La procédure de l’électrophorèse sur gel
Dans l’électrophorèse sur gel, une électrode positive est placée à une extrémité de la couche de gel et une anode négative à l'autre. La couche de gel est constituée à une extrémité de petits puits où sont chargés les fragments d'ADN et le mélange de réactifs (étape 1, figure 1).
L'ADN est chargé négativement. Lorsqu'un courant traverse le gel, l'ADN se déplace à travers les pores du gel vers l'électrode positive (étape 2, figure 1). Les petites molécules d'ADN se déplacent plus rapidement à travers le gel que les grandes. Cette différence dans la vitesse de migration est à l'origine de la séparation par taille des fragments (étape 3, figure 1).
Après l'électrophorèse, on visualise l'ADN qui apparaît sous forme de "bandes" groupées de fragments d'ADN de même longueur.
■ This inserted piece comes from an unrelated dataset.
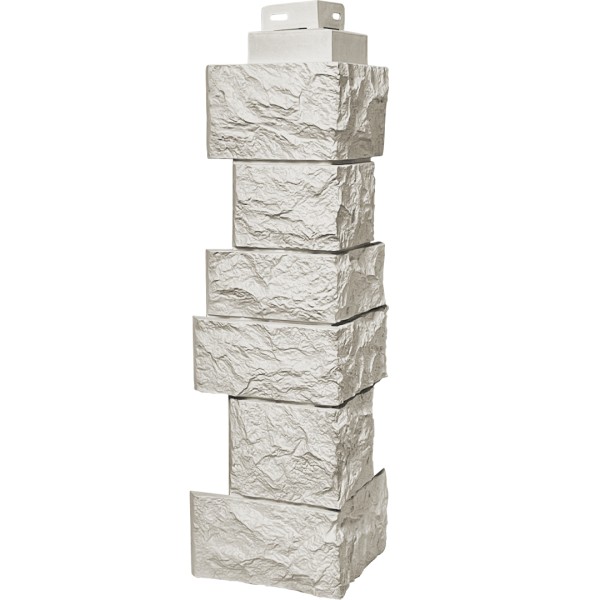 Цокольный сайдинг FineBer – Серия “Дикий камень”, Угол наружный, Жемчуг купить в Наволоках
Seule une grande quantité d'ADN (des millions de copies) peut être visualisée avec cette méthode (étape 4, figure 1).
Les tailles des échantillons d’ADN peuvent être estimées en comparant la distance avec l'échelle d'ADN ("marqueur génétique" dans la figure 1).
Figure 1 : Des fragments de différentes longueurs provenant d'une réaction PCR sont appliqués sur un gel. Les fragments se déplacent à une vitesse et sur une distance relativement à leur taille : les petites molécules d'ADN plus se déplacent dans le gel plus rapidement et plus loin que les grandes.